Singular neighborhoods¶
Magnetic source models are not smooth everywhere. The code treats the following sets carefully:
observers on line-current paths,
observers on current-sheet edges,
observers on magnet boundaries,
inside/outside transitions for meshes and segmented solids,
axis limits for rotationally symmetric sources.
In these regions the implementation uses masks and branch-specific formulas to match physically expected limits and upstream Magpylib behavior.
Differentiability¶
JAX differentiability is a design goal, but physics still wins over symbolic smoothness.
Practical interpretation:
away from singular sets, gradients are expected to be reliable,
at physical discontinuities or branch boundaries, derivatives can be undefined or numerically unstable,
compatibility behavior on boundaries sometimes requires piecewise logic that is correct physically but not everywhere smooth.

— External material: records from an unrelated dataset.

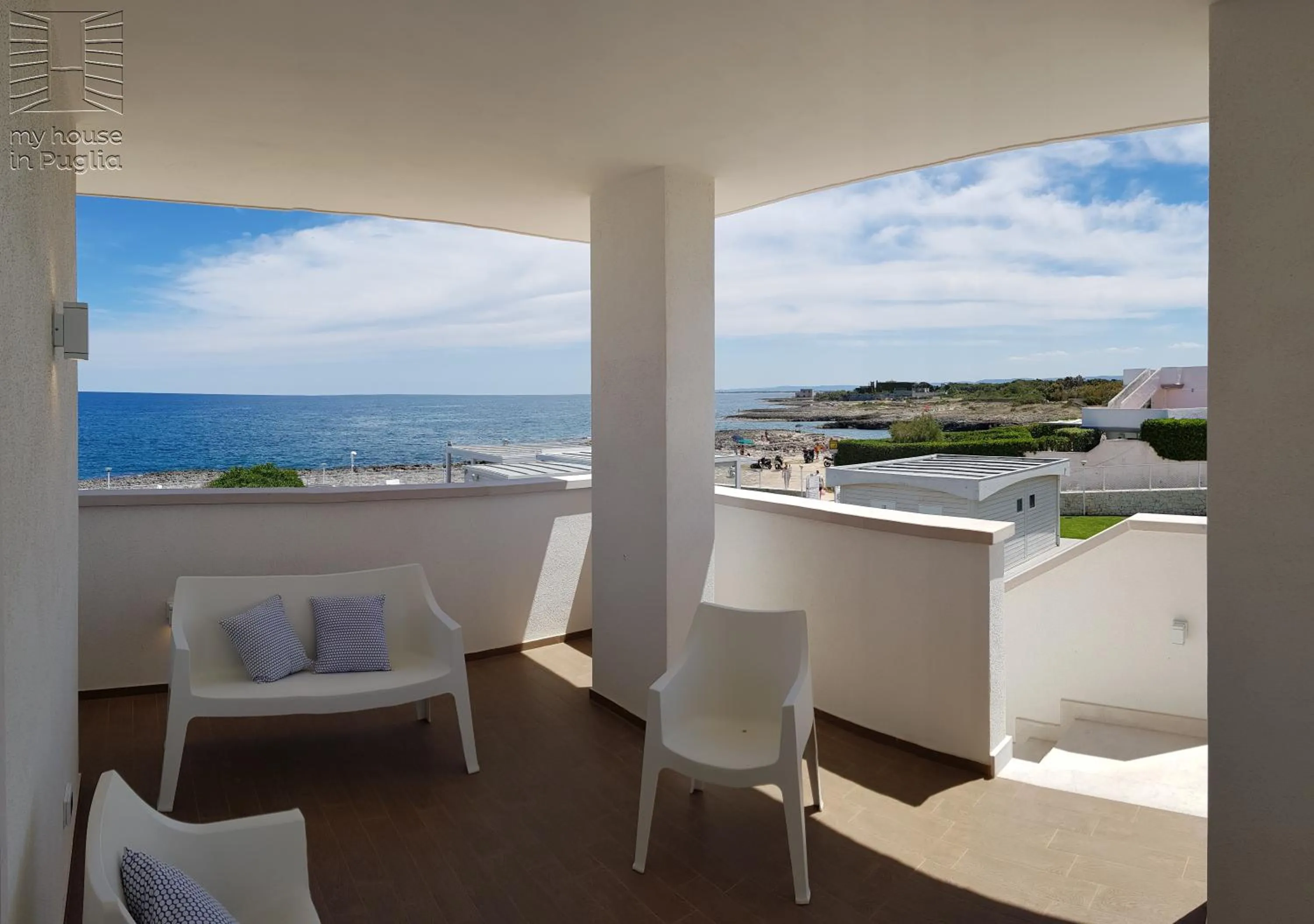Balcony/Terrace in Case Vacanza Marzano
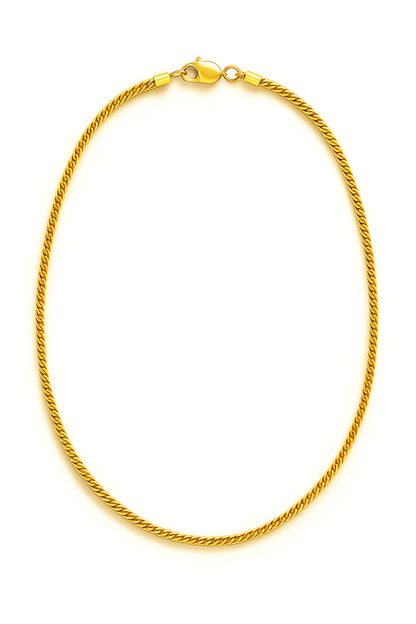 Gargantilla Grumet 50 cms Modelo Enzo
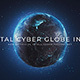 Digital Cyber Globe Intro - VideoHive Item for Sale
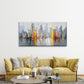 City Skyline with Sailboats Wall Art Canvas Office Home Room Framed 120x60cm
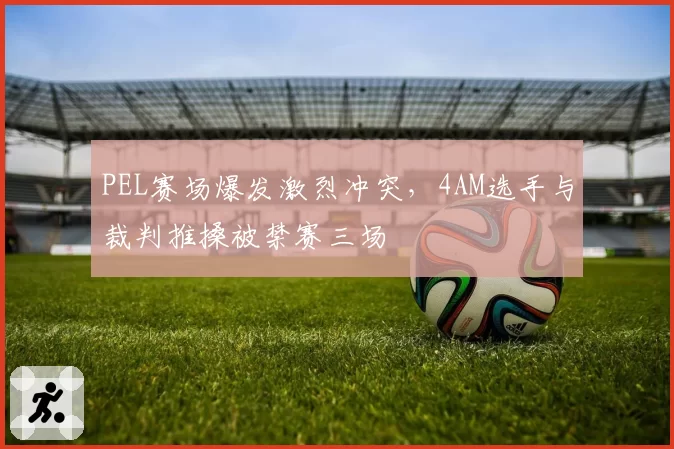 PEL赛场爆发激烈冲突，4AM选手与裁判推搡被禁赛三场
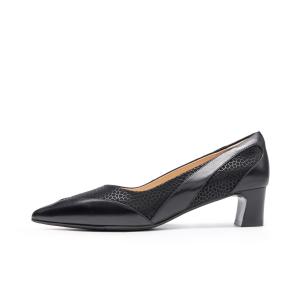 CHRISDIEN DENY Женские туфли на высоком каблуке черные, цвет Black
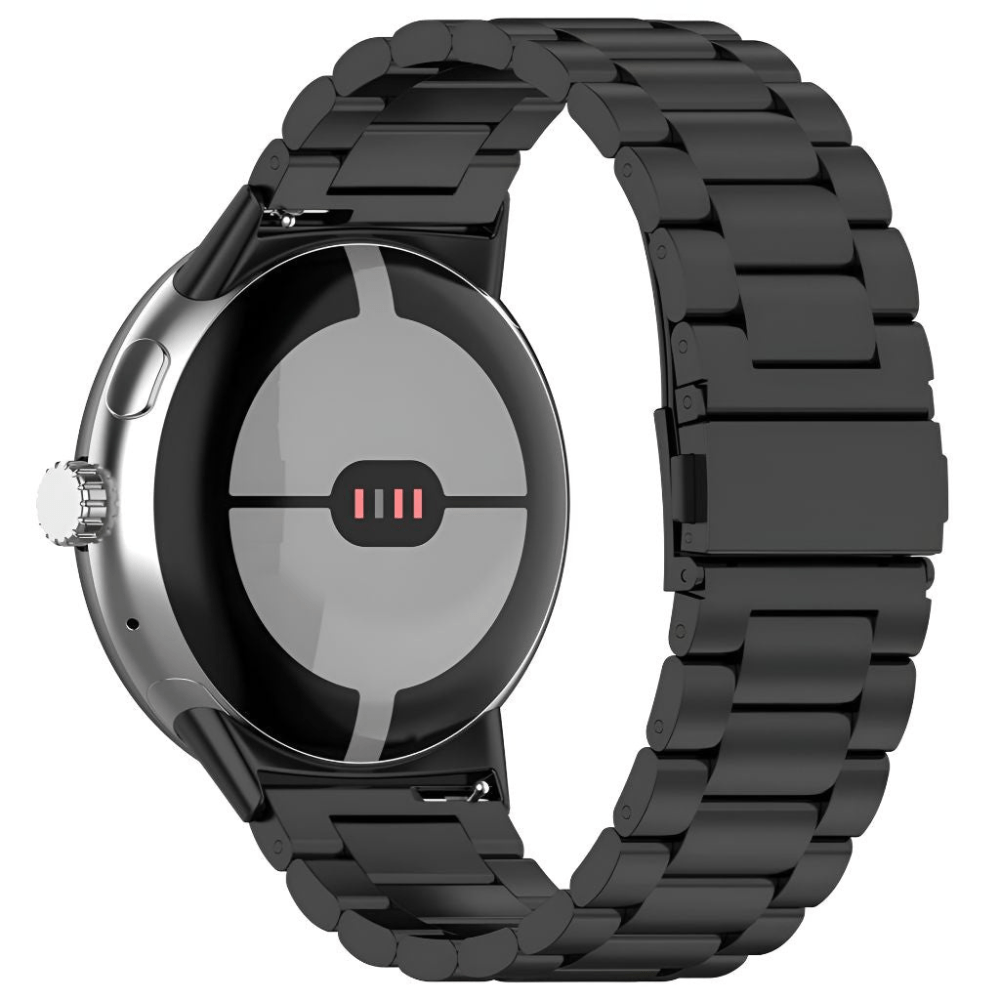 Piscis Stainless Steel Buckle Band For Google Pixel Watch - Astra Straps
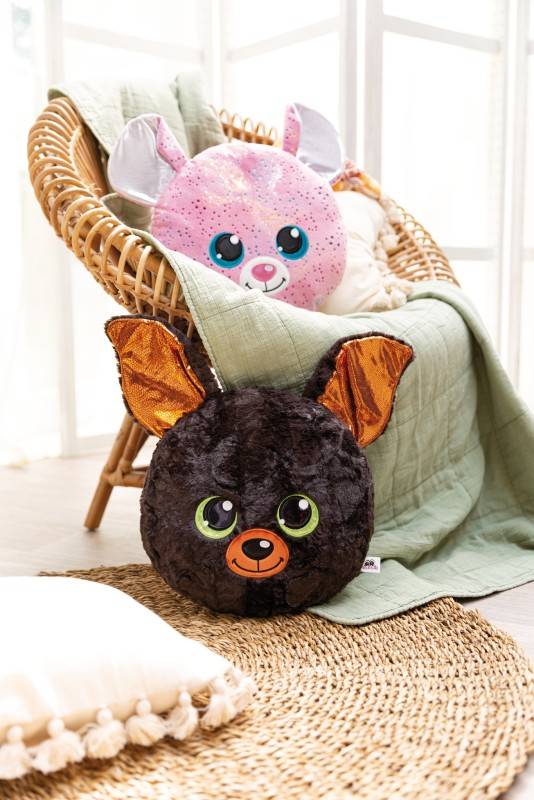 NICI GLUBSCHIS Kissen Fledermaus Wakiki Versandkostenfrei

The differentiability tests therefore focus on representative off-singularity points and on regression coverage for previously problematic kernels.
Precision mode¶
The tests and profiling scripts use jax_enable_x64=True. That is intentional: many parity checks depend on double precision, especially for:
near-boundary evaluation,
mesh and tetrahedron geometry reductions,
elliptic-integral based kernels,
benchmark comparisons at strict tolerances.
Using x64 is strongly recommended for scientific workloads.
High-level API numerics¶
The public object and functional APIs add another layer of numerical responsibility:
path broadcasting,
squeeze behavior,
sensor pixel aggregation,
source collection flattening,
mixed-source batching.
These are not just formatting concerns. They control tensor layout, memory pressure, and how much host-side work occurs before the JAX kernels even start.
Memory behavior¶
A differentiable field path can become memory-heavy when it materializes very large intermediate tensors. To control this, the code uses:
observer-aware chunking for large circle collections,
cached prepared source/sensor tensors,
fixed-observer-count JIT wrappers for hotspot kernels,
mesh geometry precomputation to reduce repeated allocations.
For details, see Performance.
Validation philosophy¶
Numerical behavior is validated along three axes:
parity with upstream Magpylib,
physics consistency checks,
profiling regression gates for runtime, memory, and HLO size.
This matters because a kernel can be numerically correct but operationally unusable if compile time, memory, or shape behavior regresses.